GIVEN RECORDS below:

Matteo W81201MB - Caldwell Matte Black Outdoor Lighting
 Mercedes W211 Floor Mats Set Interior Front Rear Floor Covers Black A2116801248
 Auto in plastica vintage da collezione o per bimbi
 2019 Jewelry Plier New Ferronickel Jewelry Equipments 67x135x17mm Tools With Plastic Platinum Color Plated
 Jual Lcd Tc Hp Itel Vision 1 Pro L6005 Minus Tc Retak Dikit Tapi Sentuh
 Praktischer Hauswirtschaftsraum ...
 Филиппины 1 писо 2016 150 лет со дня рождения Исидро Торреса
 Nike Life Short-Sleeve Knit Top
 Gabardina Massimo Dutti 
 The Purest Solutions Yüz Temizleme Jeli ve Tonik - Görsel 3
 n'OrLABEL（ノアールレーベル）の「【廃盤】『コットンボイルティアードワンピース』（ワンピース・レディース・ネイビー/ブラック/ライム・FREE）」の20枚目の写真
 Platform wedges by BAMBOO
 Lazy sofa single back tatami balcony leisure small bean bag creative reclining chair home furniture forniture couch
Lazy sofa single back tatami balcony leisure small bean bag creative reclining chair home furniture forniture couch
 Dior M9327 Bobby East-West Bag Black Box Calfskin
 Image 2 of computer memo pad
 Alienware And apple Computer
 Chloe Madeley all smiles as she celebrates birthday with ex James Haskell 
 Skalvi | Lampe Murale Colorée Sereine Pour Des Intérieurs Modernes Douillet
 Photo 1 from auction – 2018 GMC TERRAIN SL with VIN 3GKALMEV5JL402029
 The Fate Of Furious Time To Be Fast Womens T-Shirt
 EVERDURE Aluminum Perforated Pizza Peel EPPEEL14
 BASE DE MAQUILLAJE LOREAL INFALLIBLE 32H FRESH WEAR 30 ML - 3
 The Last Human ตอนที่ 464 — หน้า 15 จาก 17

End of GIVEN RECORDS.

## [WHAT IS BEING ASKED]
Please state how many lines of the listing contain the string "balcony". Give only that number.

## [FINAL ANSWER]
2